Jeudi 4 Septembre 2014 modifié le Vendredi 5 Septembre 2014 - 06:48

Le Maroc a attiré, jeudi à Genève, l'attention du Comité des Nations unies pour les droits de l'enfance sur la situation dramatique des enfants dans les camps de Tindouf, victimes de toute sorte de violations.




Lors d'un débat interactif avec le comité, la ministre de la Solidarité, de la femme, de la famille et du développement social, Bassima Hakkaoui a appelé l'Algérie, en tant que pays d'accueil des camps, à assumer ses responsabilités en vertu des instruments internationaux des droits de l'Homme.

Mme Hakkaoui s'exprimait à l'occasion de l'examen des 3e et 4e rapports périodiques du Royaume sur l'application de la convention des droits de l'enfant ainsi que du rapport initial sur l'application du protocole facultatif à la convention des droits de l'enfant concernant l'implication des enfants dans les conflits armés.

"Le monde est choqué chaque jour par la situation des enfants innocents se retrouvant dans des zones de conflit armés, confrontés au recrutement et à l'utilisation enfant-soldat, à l'embargo, à l'éloignement de leur foyer et de leur communauté", a déploré la ministre qui a présidé la délégation marocaine prenant part à l'examen.

Le Royaume considère le service militaire non obligatoire pour les adultes et "n'inclue en aucun cas les enfants", a rappelé Mme Hakkaoui qui a lancé un appel "à toutes les personnes de conscience à l'action commune et collective pour mettre fin aux différentes tragédies engendrées par l'implication des enfants dans les conflits armés".

Le Maroc, a-t-elle dit, réitère son engagement à poursuivre son interaction avec le comité des droits de l'enfant et l'ensemble des mécanismes de l'ONU, animé de la ferme volonté de servir la cause des droits de l'Homme et de débattre des diverses questions y afférentes.

Elle a notamment cité les questions des travailleurs domestiques, de la migration, des enfants réfugiés et des enfants de la rue, affirmant que le Royaume "est prêt à réagir de manière positive aux observations du comité et de collaborer avec les différents mécanismes des Nations unies".

Au cours de cette séance de débat, le délégué interministériel aux droits de l'Homme, Mahjoub El Hiba a mis en évidence la nouvelle politique migratoire initiée par le Roi Mohammed VI en vue d'améliorer les conditions des migrants et des demandeurs d'asile.

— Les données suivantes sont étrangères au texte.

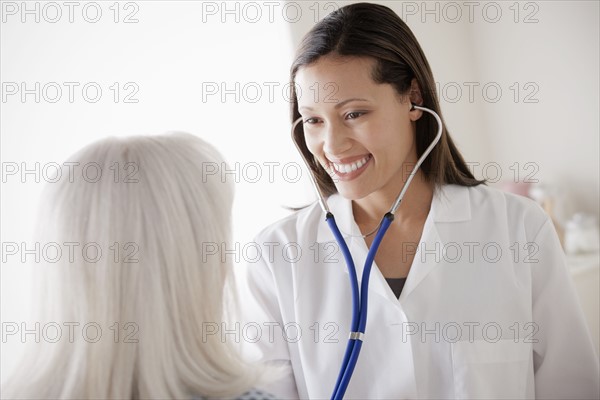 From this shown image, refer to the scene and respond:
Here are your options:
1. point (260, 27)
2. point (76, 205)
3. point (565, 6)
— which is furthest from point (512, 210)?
point (565, 6)

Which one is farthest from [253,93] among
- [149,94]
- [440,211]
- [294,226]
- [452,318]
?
[452,318]

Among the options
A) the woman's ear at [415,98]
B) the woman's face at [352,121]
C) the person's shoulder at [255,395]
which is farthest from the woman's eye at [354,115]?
the person's shoulder at [255,395]

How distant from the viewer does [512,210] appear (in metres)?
1.21

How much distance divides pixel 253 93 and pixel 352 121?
836 mm

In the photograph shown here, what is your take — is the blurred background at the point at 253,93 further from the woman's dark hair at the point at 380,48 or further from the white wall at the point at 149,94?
the woman's dark hair at the point at 380,48

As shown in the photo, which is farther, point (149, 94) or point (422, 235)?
point (149, 94)

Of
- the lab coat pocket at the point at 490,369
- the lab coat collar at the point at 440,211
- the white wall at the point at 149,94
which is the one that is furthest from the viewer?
the white wall at the point at 149,94

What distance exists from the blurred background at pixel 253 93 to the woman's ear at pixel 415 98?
1.25ft

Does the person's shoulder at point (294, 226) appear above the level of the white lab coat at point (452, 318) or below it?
above

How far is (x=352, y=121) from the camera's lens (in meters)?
1.15

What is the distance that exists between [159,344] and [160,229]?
0.47 ft

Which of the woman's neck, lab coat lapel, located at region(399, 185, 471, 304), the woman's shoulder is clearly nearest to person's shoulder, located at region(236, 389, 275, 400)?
the woman's shoulder

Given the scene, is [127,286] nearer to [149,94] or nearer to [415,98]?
[415,98]

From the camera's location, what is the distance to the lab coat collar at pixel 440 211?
48.0 inches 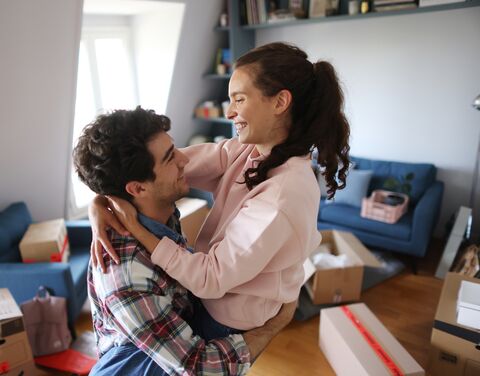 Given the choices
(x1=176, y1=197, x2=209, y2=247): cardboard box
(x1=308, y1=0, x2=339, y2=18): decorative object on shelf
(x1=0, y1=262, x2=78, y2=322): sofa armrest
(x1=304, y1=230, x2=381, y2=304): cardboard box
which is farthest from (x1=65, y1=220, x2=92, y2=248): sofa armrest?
(x1=308, y1=0, x2=339, y2=18): decorative object on shelf

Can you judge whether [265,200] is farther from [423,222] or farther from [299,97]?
[423,222]

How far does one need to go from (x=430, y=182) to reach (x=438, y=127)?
0.50 meters

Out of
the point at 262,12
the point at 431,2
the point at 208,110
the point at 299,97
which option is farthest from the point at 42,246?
the point at 431,2

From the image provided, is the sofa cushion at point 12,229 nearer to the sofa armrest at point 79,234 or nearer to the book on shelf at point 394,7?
the sofa armrest at point 79,234

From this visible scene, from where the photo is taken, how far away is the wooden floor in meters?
2.19

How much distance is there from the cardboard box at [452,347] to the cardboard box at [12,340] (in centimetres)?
210

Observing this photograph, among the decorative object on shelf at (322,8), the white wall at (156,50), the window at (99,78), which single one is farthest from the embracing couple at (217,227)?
the white wall at (156,50)

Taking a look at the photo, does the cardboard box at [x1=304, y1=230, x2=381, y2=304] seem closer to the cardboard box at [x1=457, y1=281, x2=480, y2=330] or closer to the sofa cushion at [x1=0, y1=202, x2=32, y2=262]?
the cardboard box at [x1=457, y1=281, x2=480, y2=330]

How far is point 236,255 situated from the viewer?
926 millimetres

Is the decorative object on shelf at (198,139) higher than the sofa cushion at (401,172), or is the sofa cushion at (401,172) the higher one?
the decorative object on shelf at (198,139)

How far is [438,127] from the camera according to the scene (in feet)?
10.9

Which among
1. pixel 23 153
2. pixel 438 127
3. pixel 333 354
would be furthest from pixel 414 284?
pixel 23 153

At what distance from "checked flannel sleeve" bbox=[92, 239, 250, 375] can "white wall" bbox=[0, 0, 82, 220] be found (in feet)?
5.98

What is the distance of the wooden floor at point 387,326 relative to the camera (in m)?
2.19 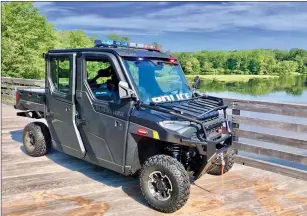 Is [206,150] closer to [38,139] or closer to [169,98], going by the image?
[169,98]

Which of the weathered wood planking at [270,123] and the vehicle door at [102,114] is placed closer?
the vehicle door at [102,114]

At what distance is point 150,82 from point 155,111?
57cm

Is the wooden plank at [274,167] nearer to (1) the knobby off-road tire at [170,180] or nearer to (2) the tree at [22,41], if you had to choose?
(1) the knobby off-road tire at [170,180]

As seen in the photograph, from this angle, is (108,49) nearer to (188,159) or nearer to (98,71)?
(98,71)

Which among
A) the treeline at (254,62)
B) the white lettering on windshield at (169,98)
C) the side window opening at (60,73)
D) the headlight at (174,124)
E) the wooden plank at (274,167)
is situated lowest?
the wooden plank at (274,167)

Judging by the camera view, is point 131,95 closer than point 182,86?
Yes

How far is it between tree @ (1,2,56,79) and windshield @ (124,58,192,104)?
2679 cm

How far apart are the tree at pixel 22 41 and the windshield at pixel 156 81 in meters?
26.8

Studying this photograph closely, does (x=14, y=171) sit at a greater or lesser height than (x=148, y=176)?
lesser

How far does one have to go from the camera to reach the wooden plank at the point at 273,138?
509 cm

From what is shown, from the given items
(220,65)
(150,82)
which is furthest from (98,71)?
(220,65)

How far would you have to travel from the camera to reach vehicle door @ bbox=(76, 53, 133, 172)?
166 inches

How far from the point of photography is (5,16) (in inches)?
1220

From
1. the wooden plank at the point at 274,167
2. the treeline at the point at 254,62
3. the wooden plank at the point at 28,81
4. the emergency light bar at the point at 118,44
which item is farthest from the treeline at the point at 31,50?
the emergency light bar at the point at 118,44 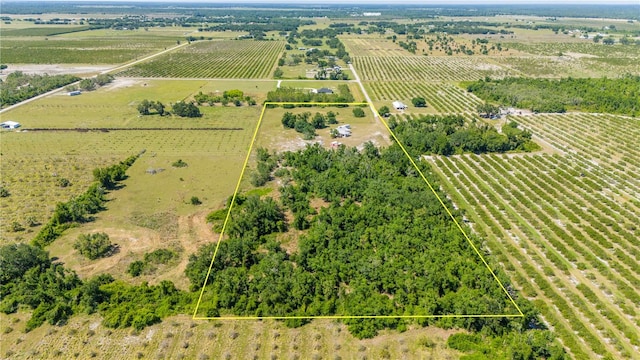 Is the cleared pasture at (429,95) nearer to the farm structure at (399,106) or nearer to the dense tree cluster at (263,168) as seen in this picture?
the farm structure at (399,106)

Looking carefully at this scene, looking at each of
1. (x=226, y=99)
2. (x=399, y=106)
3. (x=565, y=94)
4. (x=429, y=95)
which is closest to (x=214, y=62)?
(x=226, y=99)

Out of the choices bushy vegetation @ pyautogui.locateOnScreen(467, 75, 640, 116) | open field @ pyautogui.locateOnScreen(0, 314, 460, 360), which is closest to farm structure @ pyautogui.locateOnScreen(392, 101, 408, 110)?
bushy vegetation @ pyautogui.locateOnScreen(467, 75, 640, 116)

Cette initiative, fondée sur une approche humaniste, vise la régularisation de la situation des demandeurs d'asile, des réfugiés et des migrants avec un traitement préférentiel pour les mineurs, ainsi que la mise en place d'une protection légale en leur faveur.

Une commission interministérielle, a-t-il relevé, se penche sur la mise à niveau de l'arsenal juridique en lien avec les droits de l'Homme, particulièrement en matière de traite et d'asile, compte tenu aux instruments internationaux liés aux droits de l'enfant.

M. El Hiba a, dans le même contexte, assuré que la législation actuelle interdit le refoulement de toute femme enceinte et de tout mineur étranger.

Par la même occasion, la délégation marocaine a indiqué que le Royaume se dote aujourd'hui des moyens juridiques pénalisant les actes d'enrôlement des enfants dans les conflits armés, ainsi que le phénomène de traite et toute forme d'exploitation sexuelle des enfants.

Elle a également souligné qu'un projet de loi relatif aux travailleurs domestiques, en cours de discussion au parlement, devra définir la liste des travaux dangereux pour les enfants et contribuer à une meilleure protection de l'enfance.

A l'issue de cette rencontre, les experts du comité ont rendu hommage au Maroc pour la qualité de sa participation à la 67e session de cette instance, son esprit d'ouverture et son engagement en faveur de l'amélioration de la condition de l'enfance.